Newcastle United were rapidly running out of time.
With 90 minutes on the clock, the hosts were heading for an underwhelming 1-1 draw against Fulham at St James' Park.
But captain Bruno Guimaraes still believed.
The Brazilian's mentality and fitness were such that he was busting a gut to get into the box to try to affect the outcome.
That gamble paid off when visiting keeper Bernd Leno could only parry substitute William Osula's shot into the midfielder's path and Guimaraes lashed the ball into the net in front of the Gallowgate End to send the stadium into raptures.
"We cannot play the perfect game every time but we need to find the three points and we did this," he said. "This is the Newcastle I know - we fight until the end."
Fulham's players looked understandably disconsolate - and their counterparts know the feeling, having already been on the receiving end of late sucker punches themselves against Brighton, Arsenal and Liverpool this season.
But Eddie Howe's team found a way to take all three points with a dramatic winner of their own on Saturday.
"There's no better way to win," said the Newcastle head coach.
This was an afternoon when others stepped up.
Nick Woltemade had scored four of Newcastle's previous five goals in the Premier League.
However, his side claimed a first top-flight victory this term without their record signing on the scoresheet.
Jacob Murphy opened the scoring - netting his first of the campaign - and the forward was Newcastle's biggest threat in the first half.
He struck the outside of the post in the opening stages and was later foiled one-on-one by Leno when should have doubled the lead.
Newcastle's failure to build on Murphy's opener could have proved costly, but Howe had the luxury of being able to turn to a stacked bench in the immediate aftermath of Sasa Lukic's equaliser.
A triple change - sending on Sandro Tonali, Harvey Barnes and Fabian Schar for Lewis Miley, Murphy and Sven Botman, who had to go off with a cut - was followed by the entrance of energetic forwards Anthony Elanga and Osula late on.
Fulham manager Marco Silva, missing a number of injured players, could not help but hold his hands up.
"They started to take more risks," he said. "They pressed us higher. They put a lot of energy in the frontline. They were able to change all the three players in the frontline.
"They were able to put a player like Tonali in the middle of the park. It's their reality - and it's not our reality right now."
Elanga and Osula ended up playing crucial roles in the build-up to Newcastle's winner.
Swede Elanga dispossessed Fulham defender Ryan Sessegnon before feeding Osula out on the right.
The Danish frontman has developed into a player who can affect games at this level - scoring against champions Liverpool earlier this season - and he drove forward before cutting inside and letting fly from the edge of the area.

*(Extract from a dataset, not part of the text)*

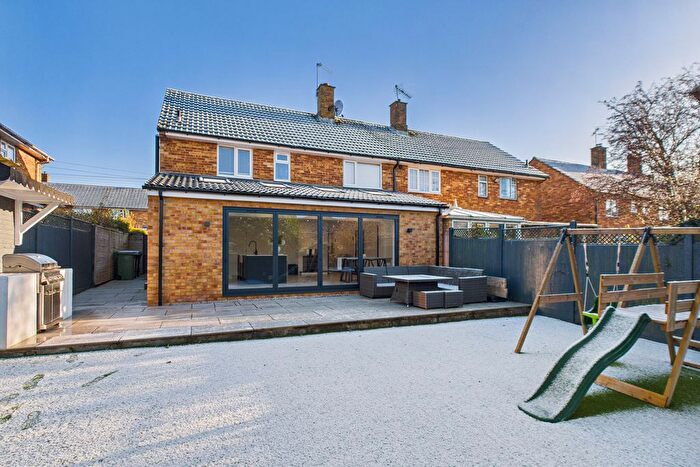 3 Bedroom Semi Detached House For Sale In Hollybush Lane, Hemel Hempstead, HP1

Though Leno made the initial save, Guimaraes was there to knock in the rebound as he stepped up when Newcastle needed their captain most.
That did not go unnoticed by Match of the Day pundit Michael Carrick - not least after Guimaraes played 90 minutes against Benfica in the Champions League on Tuesday night.
"He always provides that leadership on the pitch," the former Manchester United midfielder told Final Score. "He is their talisman and he creates that extra bit of energy in the stadium by winding the fans up. It's a big, big goal for Newcastle."
It was a goal that sent Newcastle up to 10th place.
That is not where they want to finish, of course, but this still felt a significant victory.
Interestingly, Newcastle also started last season with three wins, three draws and three losses in the Premier League before going on to qualify for the Champions League, ending a 70-year wait for a major domestic trophy.
And Howe thinks the "best is still in front of us".
"We have seen many times, historically, when you score late goals, it's not just the game that you've won that is affected," he added.
"Hopefully, for us, the mood, even the attitude when you're in that position again, there's more belief that you can find a winner, that you've got players that can decide games.
"I think it has a big knock-on effect - just like we had to battle the other way. We conceded late at times this year and we had to battle that becoming a habit. To break that today was really important for us."